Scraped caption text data
§ §
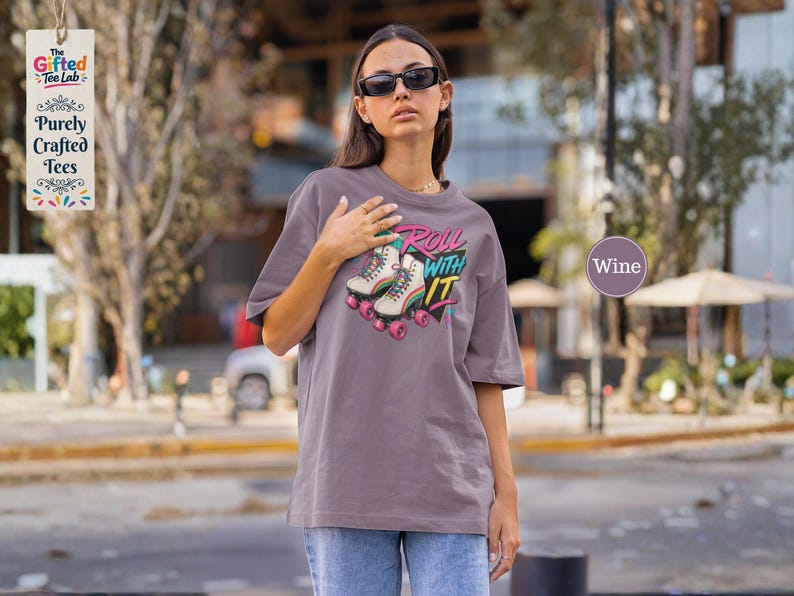 a t-shirt with a graphic design of rollerblades and the text "Roll with it",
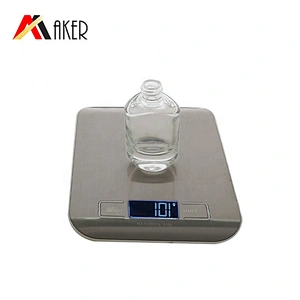 Luxury 30ml clear round cosmetic lotion glass cream bottle with electroplated silver dropper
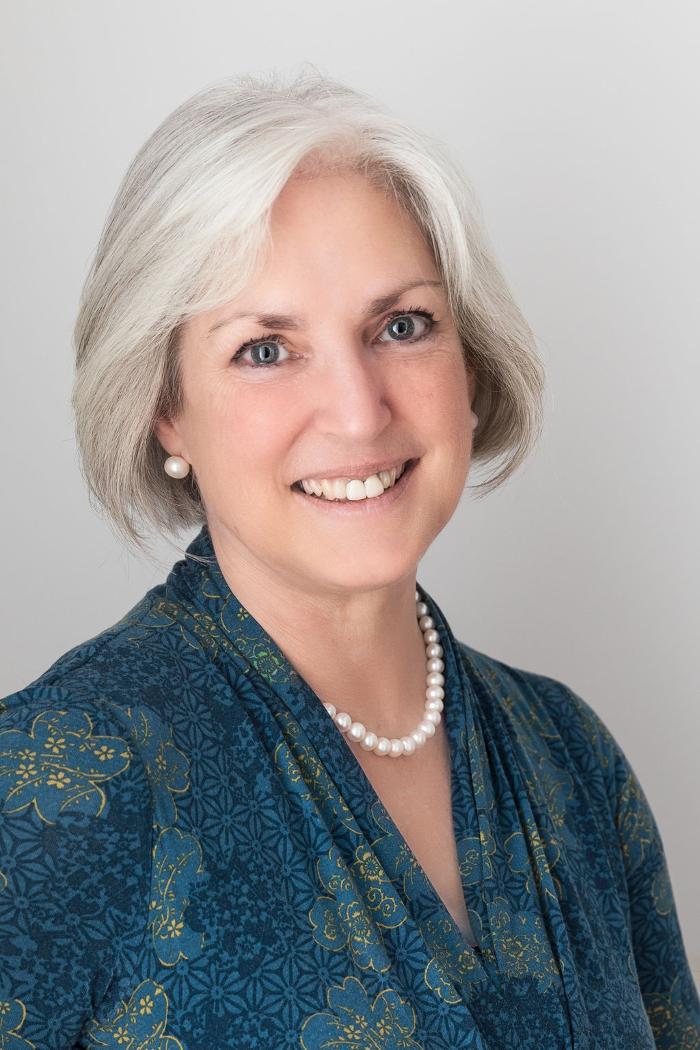 Sara Price Celebrant, a white lady with white hair, wearing a blue patterned dress with a pearl necklace and earrings.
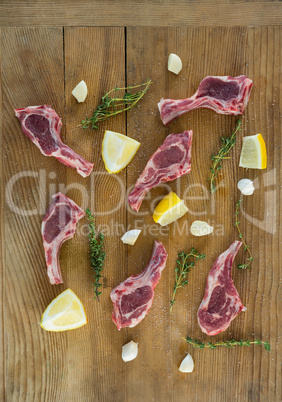 Rib chops, herbs and lemon against wooden background
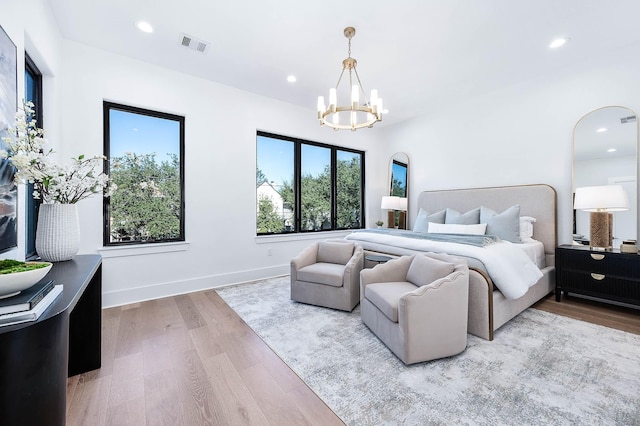 bedroom featuring a chandelier and light hardwood / wood-style floors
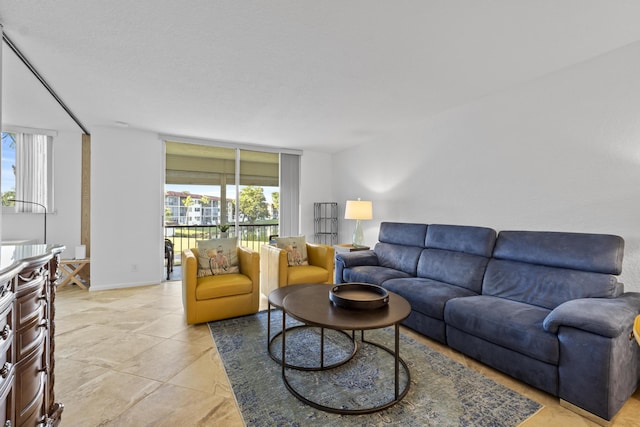 living area featuring baseboards and floor to ceiling windows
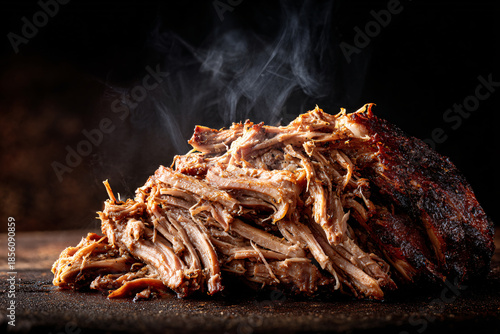 Tender pulled pork steaming hot, a barbecue classic.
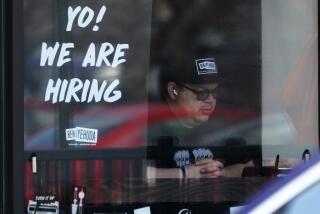 FILE - A hiring sign is displayed at a restaurant in Schaumburg, Ill., April 1, 2022. The white-hot demand for U.S. workers cooled a bit in April, though the number of unfilled jobs remains high and companies are still desperate to hire more people. Employers advertised 11.4 million jobs at the end of April, the Labor Department said Wednesday, June 1, 2022 down from nearly 11.9 million in March, the highest level on records that date back 20 years. (AP Photo/Nam Y. Huh, file)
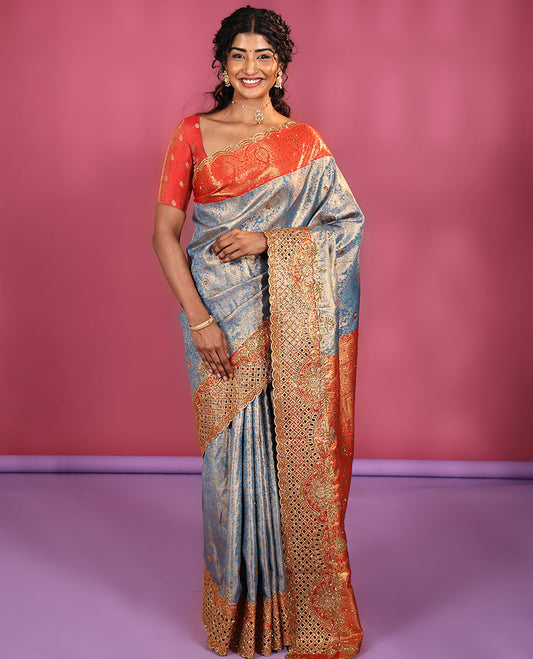Blue Vastrakala Silk Saree, Adorned with Floral Jacquard and Stone Work, Complemented by Contrast Traditional Zari and Cut Embroidered Scallop Border, Gleaming Grand Zari-Stone Work Pallu, and Paired with Contrast Heavy Stone Embroidered Blouse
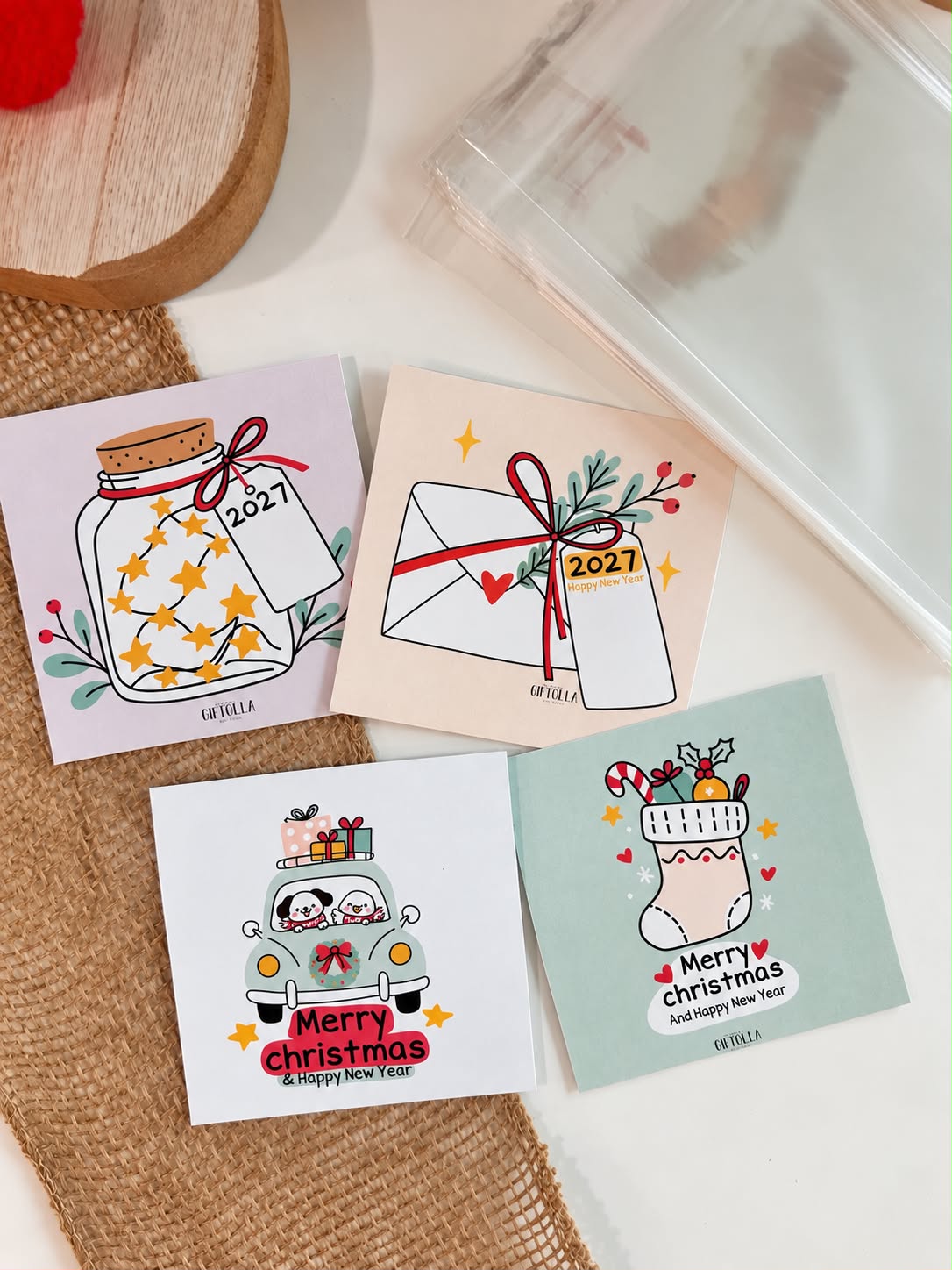 Close-up of four illustrated Christmas and New Year cards beside clear bags on burlap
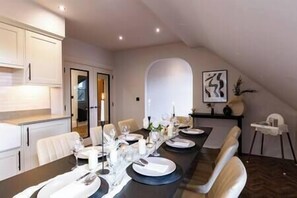 Un espace repas avec une longue table dressée pour le repas, un coin cuisine avec des meubles blancs et une vue sur l’extérieur par une porte en arc de cercle.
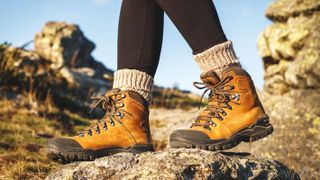 a photo of a woman wearing walking boots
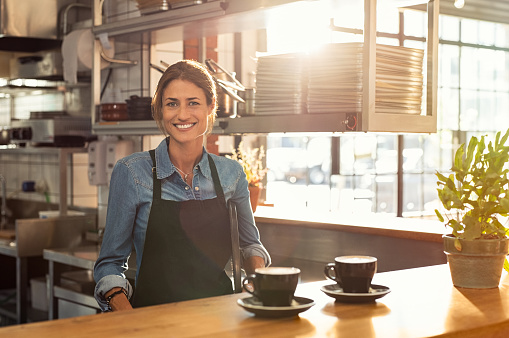 Smiling waitress wearing black apron standing behind counter in cafeteria and looking at camera. Mature woman serving two cups of hot coffee to customer in cafeteria. Small business and entrepreneur concept.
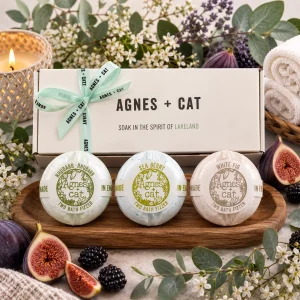 Agnes + Cat Berry & Fig Bath Fizzer Gift Set displayed in a luxury presentation box with Rhubarb Rhubarb, Sea Berry and White Fig bath fizzers, surrounded by fresh figs, blackberries, eucalyptus, soft towels and a glowing candle in an elegant spa-inspired slow living setting.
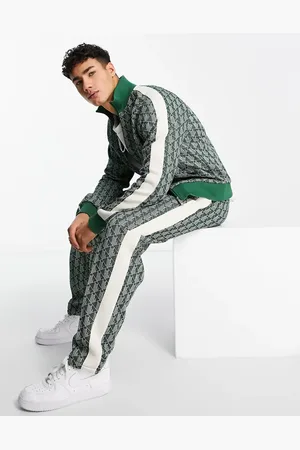 Lacoste All over print taped track bottoms in
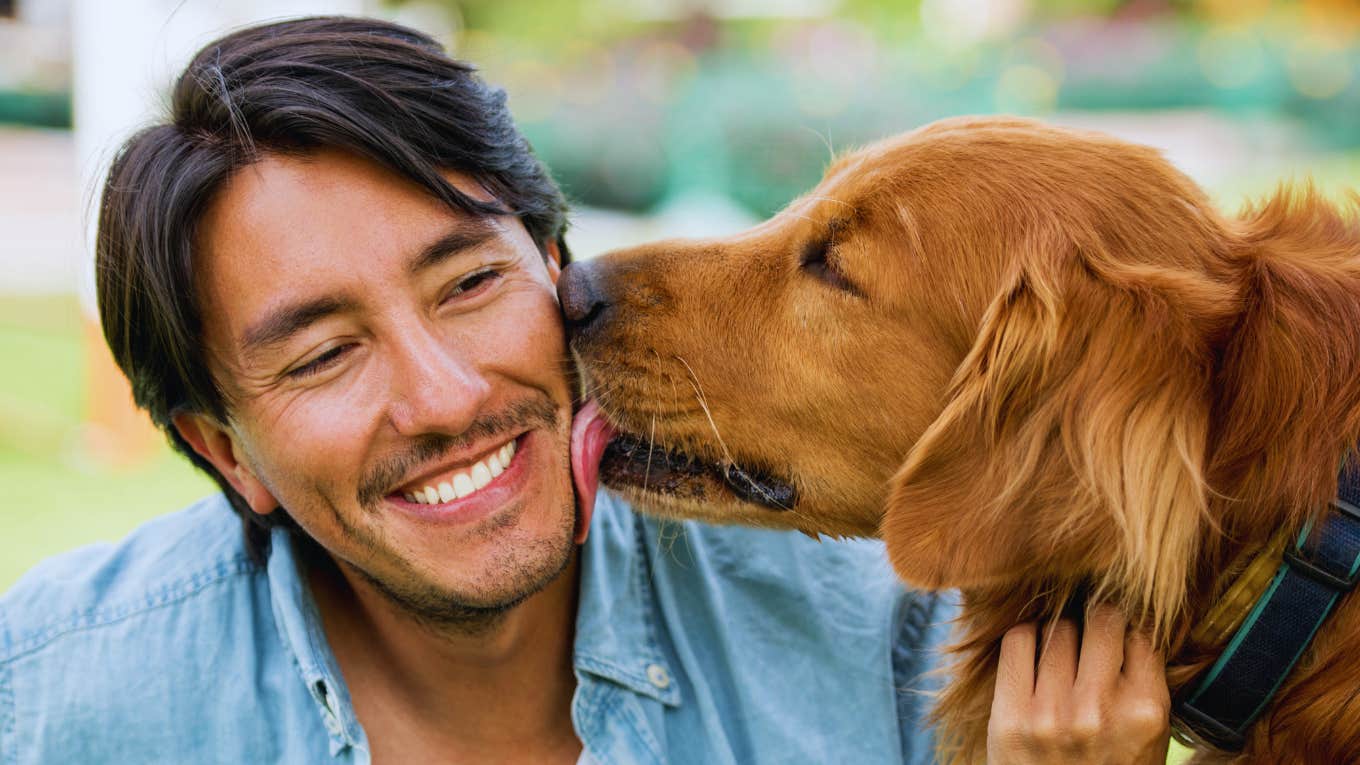 Subtle Signs He's Totally Smitten With You, According To Pyschology Man bonding with dog is smitten with a woman.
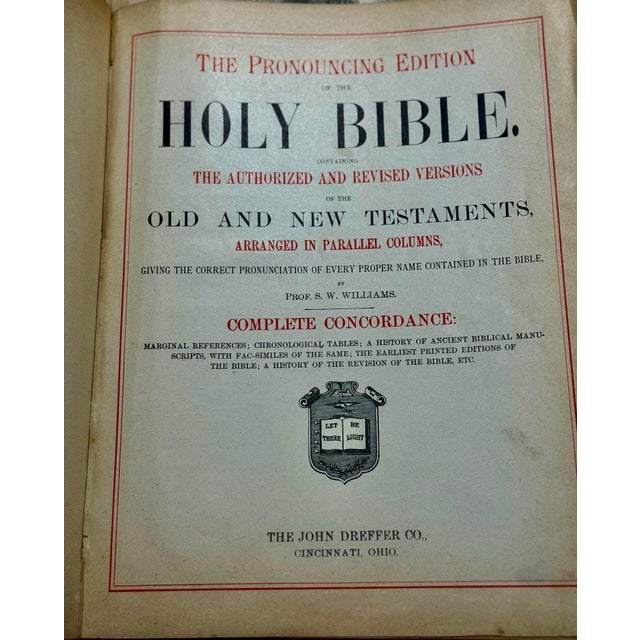 This is an ornate, late 19th century family Bible, characterized by its heavy, embossed leather cover and decorative gold-...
§ §
## Aim of the exercise
Copy out every line of the data exactly, leaving the images behind.

## Written reply
 a t-shirt with a graphic design of rollerblades and the text "Roll with it",
 Luxury 30ml clear round cosmetic lotion glass cream bottle with electroplated silver dropper
 Sara Price Celebrant, a white lady with white hair, wearing a blue patterned dress with a pearl necklace and earrings.
 Rib chops, herbs and lemon against wooden background
 bedroom featuring a chandelier and light hardwood / wood-style floors
 living area featuring baseboards and floor to ceiling windows
 Tender pulled pork steaming hot, a barbecue classic.
 FILE - A hiring sign is displayed at a restaurant in Schaumburg, Ill., April 1, 2022. The white-hot demand for U.S. workers cooled a bit in April, though the number of unfilled jobs remains high and companies are still desperate to hire more people. Employers advertised 11.4 million jobs at the end of April, the Labor Department said Wednesday, June 1, 2022 down from nearly 11.9 million in March, the highest level on records that date back 20 years. (AP Photo/Nam Y. Huh, file)
Blue Vastrakala Silk Saree, Adorned with Floral Jacquard and Stone Work, Complemented by Contrast Traditional Zari and Cut Embroidered Scallop Border, Gleaming Grand Zari-Stone Work Pallu, and Paired with Contrast Heavy Stone Embroidered Blouse
 Close-up of four illustrated Christmas and New Year cards beside clear bags on burlap
 Un espace repas avec une longue table dressée pour le repas, un coin cuisine avec des meubles blancs et une vue sur l’extérieur par une porte en arc de cercle.
 a photo of a woman wearing walking boots
 Smiling waitress wearing black apron standing behind counter in cafeteria and looking at camera. Mature woman serving two cups of hot coffee to customer in cafeteria. Small business and entrepreneur concept.
 Agnes + Cat Berry & Fig Bath Fizzer Gift Set displayed in a luxury presentation box with Rhubarb Rhubarb, Sea Berry and White Fig bath fizzers, surrounded by fresh figs, blackberries, eucalyptus, soft towels and a glowing candle in an elegant spa-inspired slow living setting.
 Lacoste All over print taped track bottoms in
 Subtle Signs He's Totally Smitten With You, According To Pyschology Man bonding with dog is smitten with a woman.
 This is an ornate, late 19th century family Bible, characterized by its heavy, embossed leather cover and decorative gold-...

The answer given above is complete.